This post draws on an in‑depth interview with artist Emma Stibbon RA, whose work sits at the intersection of drawing, field research and environmental record. In the interview, she reflects on how she “almost always start[s]… with walking and drawing out in the field” and how many of the landscapes she works in “are changing beyond recognition in my own lifetime.” Her insights offer a powerful context for understanding Hope Gap, currently on display in Cromer as part of Towner 2026: The Bigger Picture.

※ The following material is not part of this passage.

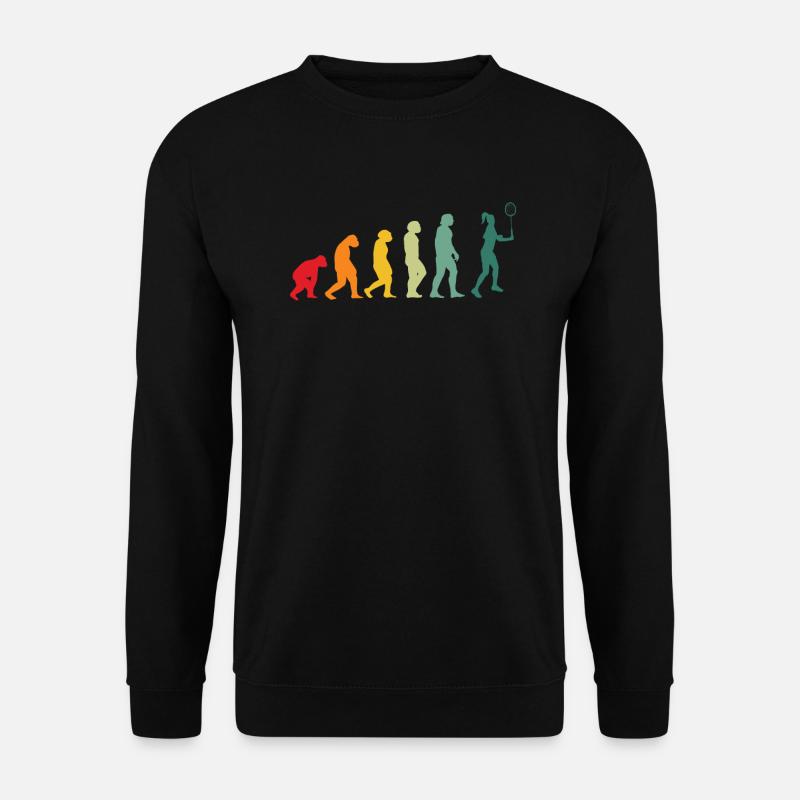Badminton Evolution Badmintonspieler - Unisex Pullover - Schwarz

Emma Stibbon RA has spent her career working where art, fieldwork and environmental record meet. Her practice takes her from Antarctica to Hawai‘i, from the High Arctic to the eroding cliffs of Sussex and Devon — always with a sketchbook in hand, always responding to landscapes undergoing dramatic change.

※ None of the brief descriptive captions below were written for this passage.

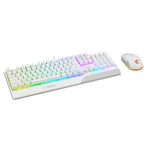 MSI Vigor Backlit RGB Dedicated Hotkeys Anti-Ghosting Mechanical Feel Gaming Keyboard & Gaming Mouse Combo (Vigor GK30 Combo White US)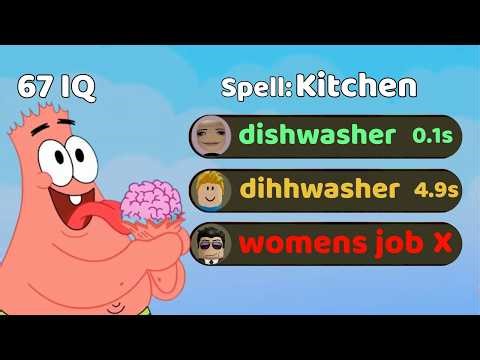 Dumb Roblox kids Spelling Race Fails That Are to Watch ... 🤡 😭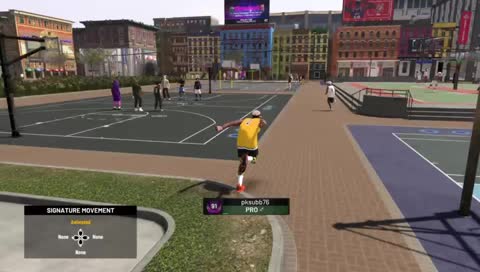 Carrying a trash can in park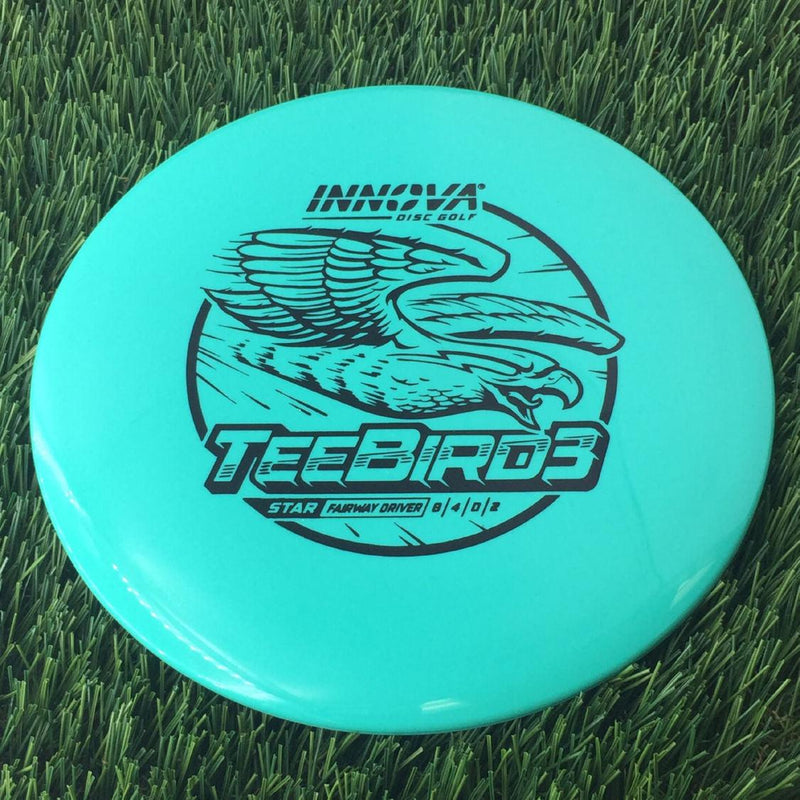 Innova Star Teebird3 with Burst Logo Stock Stamp - 175g Turquoise Blue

A practice shaped by witnessing change
Stibbon describes her work as beginning with “walking and drawing out in the field,” where the physical experience of weather, terrain and time becomes part of the work itself. Her recognition of environmental change has been gradual but undeniable: many of the places she has drawn “are changing beyond recognition in my own lifetime.”
Her long‑term preoccupation with glaciers and polar ice has taken her to both the Arctic and Antarctica, experiences she calls life‑changing.
Where art and science meet
Stibbon often collaborates with geologists and climate scientists to understand the forces shaping the landscapes she draws. For her Melting Ice | Rising Tides project, she worked with geohazards specialist Professor Dylan Rood, whose data on cliff‑retreat rates in Sussex and north Devon revealed “significant increase… over a very short timescale linked to rising sea levels and storm events.”
These conversations deepen her understanding — and create a dialogue between scientific evidence and artistic response.
Connecting polar ice to UK coastlines
Her recent touring exhibition at Towner Eastbourne and The Burton at Bideford made an explicit link between melting polar ice and the accelerating erosion of UK shores. Walking the coastlines, witnessing cliff falls, and seeing events like the collapse of the Hope Gap steps brought the global and local into sharp focus.
Her large‑scale works — watercolours, drawings and installations — place audiences at the edge of these shifting environments.
Drawing as witnessing
Although she uses photography, Stibbon says drawing forces a different kind of attention: “the act of drawing somehow imprints it on my memory.” Weather often leaves its own marks — rain, snow, salt — making the work a physical record of being present.
A commitment, not an agenda
Stibbon resists the label “activist,” but acknowledges a responsibility: “I am compelled to represent the changes I am witnessing.” Her work communicates both the beauty of the planet and the precariousness of the systems that shape it.
A connection to Cromer
Emma Stibbon’s Hope Gap is currently on display in Cromer as part of Towner 2026: The Bigger Picture, bringing her exploration of coastal change directly to North Norfolk audiences. Her work also appears in the group exhibition Sublime Landscapes.